There is no doubting the status of
China as a global economic superpower. Through the wide expansion of its
manufacturing sector, with combined elements of statism and neoliberalism, it
created historical record double digit growth rates for 30 straight years. By
virtue of its massive size, China is both large and dynamic enough to
significantly affect the world economy and contribute to global growth. Through
its strategic open engagement of trade and capital flows, China is deeply
integrated into the world economy. China, by definition, is a superpower. More
crucially for the world, however, it is increasingly acting like one. Rising
under conditions defiant of international norms, China poses this century’s
major challenge to the existing United States-led global economic order. On the
front of trade policy, China is disruptive to the norm of multilateral
arrangements and liberalizing obligations. In 2008, it rejected the multilateral
initiative of the Doha Round, marking the first failure of a major multilateral
negotiation in the postwar period. Consequently, the World Trade Organization-led
trade regime is in jeopardy. Instead of multilateralism, it seeks to lead
politically-motivated bilateral trade in the Asian region to pit against, not
cooperate with, the established trans-Atlantic bloc. With regards to the
international monetary system, China continues to frustrate the US by rejecting
the rule of a flexible exchange rate policy through its intervention in making
the renminbi competitively undervalued. When criticized by the International
Monetary Fund, China brazenly questions the existence of the IMF and threatens
to create its own Asian counterpart.
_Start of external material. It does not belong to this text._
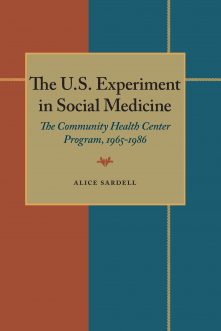 The U.S. Experiment in Social Medicine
Indeed, China-led Asian Infrastructure
Investment Bank is the boldest concrete rejection of a US-dominated global
economic governance. On the area of production, China remains to be the world’s
manufacturing powerhouse while maintaining its relative independence from
foreign capital. The three areas of trade, financial and production are the
critical pillars from which the global economic order stand; and China has
managed to aggravate every one of them.
China is flexing its muscles; yet the
world, primarily the US, still engages it as if it were a status quo
superpower. Responses continue to be dominated by cooptive approaches, forcing
China to get on board the status quo norms and existing global institutional
architecture. These cannot be any more mistaken. The battle for global
supremacy begins with a clear understanding of the enemy. China is a
revisionist power; it seeks to upend a global economic order that it absolutely
had no part building. In this case, efforts to forcibly integrate it to
existing norms and institutions are not only misguided but also
counterproductive. An effective response necessitates a recognition of the
patterns of China’s calculated moves. Yes, a revisionist power ultimately wants
to change the status quo. However, it understands that the decks are stacked
against it for it throw an immediate huge blow. Critical observation reveals
China’s strategy—frustrate the status quo, gauge the response, calculate
whether to push forward or step back. Case in point: The Doha Round. After
effectively blocking the multilateral trade initiative, it can be argued that
China calculated the moves to be made thereafter. Without a strong response
from proponents of multilateralism, China pushed to frustrate the global order
even further by leading an Asian trading bloc. The same calculations can be
observed in China’s approach on the issue of the West Philippine Sea. Initially
frustrating international norms by claiming on the basis of its historical
nine-dash line, it pushed even further to land reclamation activities in the
absence of an effective response from the vocal opposition in the Philippines
and Vietnam. The legal approach of the Philippines is another example of
engaging China for what it is not; it does not and will not back down on the
basis of status quo legalities. A revisionist power will not respond to status
quo forces. The world needs to beat China at its own revisionist game.